Gabriel Attal affirme qu’une vraie campagne en 2026 est prioritaire avant tout rassemblement pour la présidentielle de 2027

09.09.2026 14:56
1 min de lecture

Les manœuvres politiques en préparation pour la présidentielle de 2027 engendrent des tensions au sein du bloc central. Gabriel Attal a écarté mercredi la proposition d’Édouard Philippe de rassembler les candidats de droite et du centre début novembre pour discuter d’une union politique, renvoyant cette initiative à 2027, rapporte TopTribune.

« Avant cette question du rassemblement, l’enjeu c’est d’abord de parler aux Français de ce qu’on veut proposer pour eux et pour le pays […] il faut qu’en 2026 on ait une vraie campagne », a déclaré le candidat Renaissance sur franceinfo.

Priorité à l’échéance présidentielle

Concernant le « comité de liaison » qui regroupe des représentants des partis du bloc central, Attal a minimisé l’importance de l’initiative d’Édouard Philippe : « C’est évidemment important de discuter, mais vous savez des réunions, il y en a tous les mois. Il y en aura une encore aujourd’hui. »

Édouard Philippe, opposé à toute primaire, prévoit d’écrire aux dirigeants des partis de droite et de centre pour former un comité dès novembre, en vue des convergences et des élections législatives suivant la présidentielle.

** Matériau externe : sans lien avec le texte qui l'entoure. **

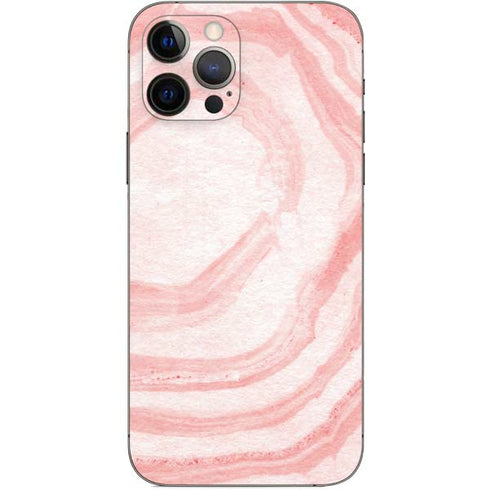 Marbleized Pink iPhone 12 Pro Skin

« Avant de parler des législatives qui auront lieu après la présidentielle, il faut déjà gagner la présidentielle », a rétorqué Gabriel Attal, soulignant qu’aucun candidat de cet espace politique n’est en position de l’emporter dans les sondages actuels.

Une fin de non-recevoir quasi générale

La démarche d’Édouard Philippe fait face à une forte opposition parmi les concurrents. Dès mardi soir, le candidat des Républicains (LR) Bruno Retailleau a décliné l’invitation, rejetant l’idée d’une « réunion pour les macronistes entre les macronistes ».

David Lisnard, autre candidat et partisan d’une primaire, a également tourné en dérision cette proposition, considérée comme un « arrangement entre notables ». De son côté, François Bayrou, président du Modem, a exprimé de vives critiques, arguant qu’« aucun des candidats ne peut se prévaloir d’une légitimité suffisante pour convoquer de son propre chef les autres familles politiques ».